Sortir du cadre, septembre-novembre 2016

Photographie<=>BD<=>Roman Graphique de Bruno Dubreuil, Bertrand Flachot, Gaspard Laurent, Pauline Lavogez, Amandine Maas, Oscar Rana, Luis Yang


Bande dessinée et photographie contemporaines ont en commun de chercher une nouvelle force expressive dans l’occupation de la surface de présentation : le mur pour la photographie, la page morcelée en petits rectangles pour la BD et le roman graphique. Dans tous les sens du terme ils sortent du cadre.

Photo et bande dessinée (à part un soupçon de dénigrement longtemps supporté, face aux tenants des arts nobles) ont en commun l’image figurative fixe. L’idée d’y chercher des passerelles stimulantes, des impulsions mutuelles , vient aisément à l’esprit.

Cependant, là, les difficultés commencent. S’il y a des influences, elles sont généralement à voie unique. La BD s’est renouvelée largement en ayant su adopter la vraisemblance et le clair-obscur dramatique de la photo N/B à haut contraste (comme par exemple Munoz et Sampayo pour leur opus Alack Sinner), mais sans pour autant infléchir le cours de la photographie. Inversement, la photo s’est enrichie en s’inspirant du système narratif à vignettes de la BD, comme Duane Michaels quand il a opéré sa rupture avec la photo humaniste. Mais ceci n’a pas changé le cours de la BD .

Parentés donc, mais sans être compagnons de route, sans cause commune ?

Un terrain d ‘expérimentation et de réactivation vivifiante, et qui, surtout, opère en simultané dans les deux médias, se manifeste depuis peu dans des œuvres très contemporaines. Ceci réside dans l’utilisation de la surface de la page – pour la BD, et de la superficie du mur qui accueille les images – dans le cas de la photographie.

Revoilà Mac Luhan : « le média est le message ». D’habitude c’est involontaire et inconscient. Modifier sciemment le fonctionnement du média, peut produire un plus de sens.

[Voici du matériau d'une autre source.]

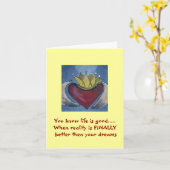 Sie wissen, dass das Leben gut ist, wenn Realität. Karte (Gelbe Blume)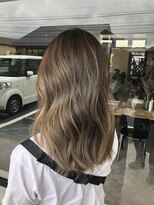 ナンバー(number+)&nbsp;20代30代ハイライトバレイヤージュブリーチ立体感透け感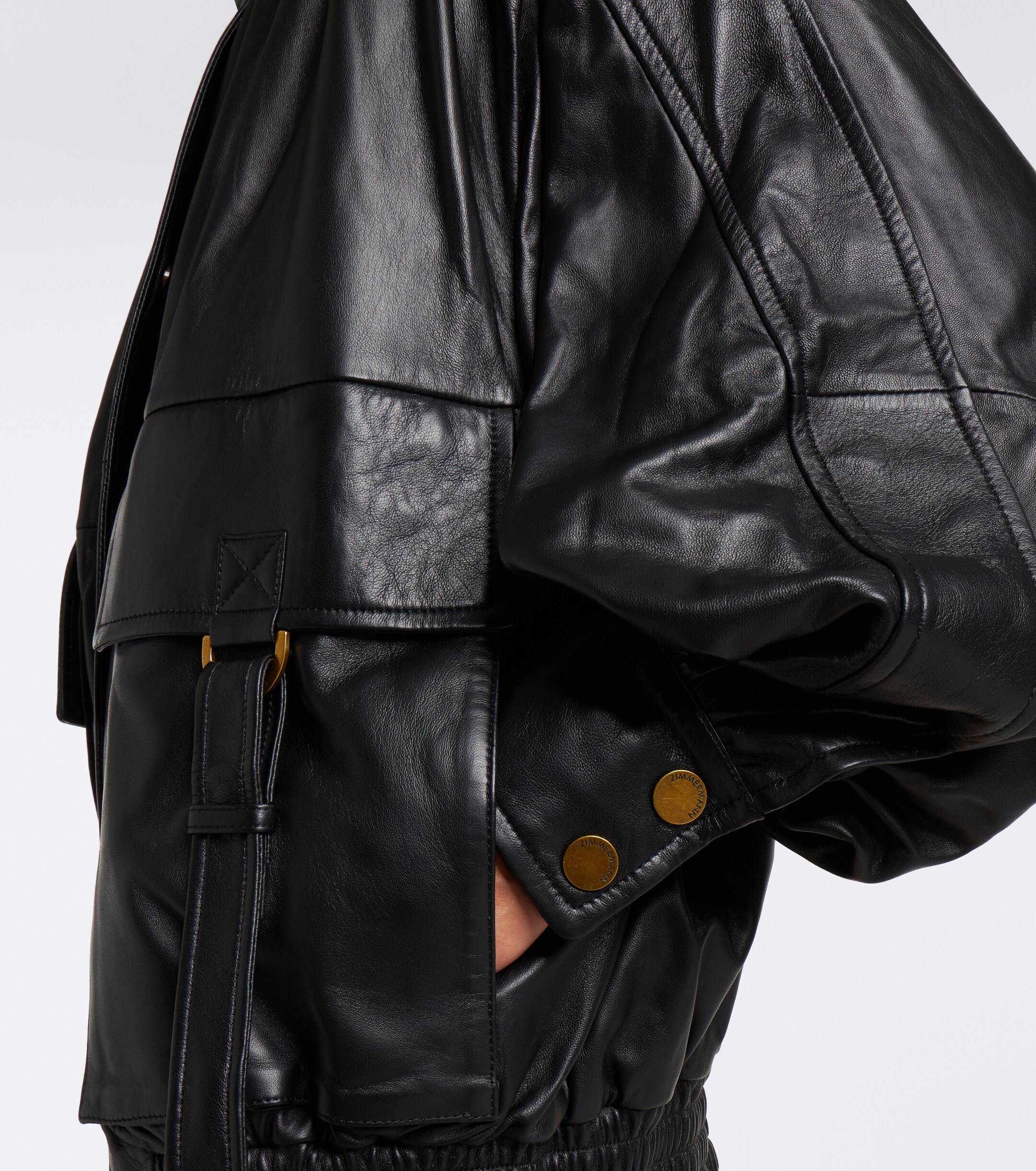 Zimmermann Zimmermann Valiant leather bomber jacket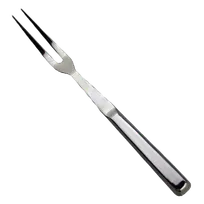 product of Omcan USA 80147 Carving Fork - 11" Two-Tine Stainless Steel Fork with Full-Length Handle, Cutlery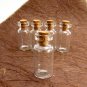 5pcs 32x15mm Clear Glass Tiny Bottle Vials with Free Eyehooks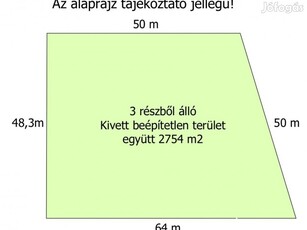 Eladó 3 db telek Koroncó csendes utcájában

Nous avons tenté de le mettre à jour en invitant sept artistes innovants, trois côté photo et quatre côté BD/Roman graphique. Les premiers se jouent de l’accrochage habituel, de la disposition en ligne, ou en damier, basé sur le rectangle photographique. Les deuxièmes subvertissent pour notre grand plaisir les angles droits, les horizontales, verticales, lignes et subdivisions des rectangles dessinés.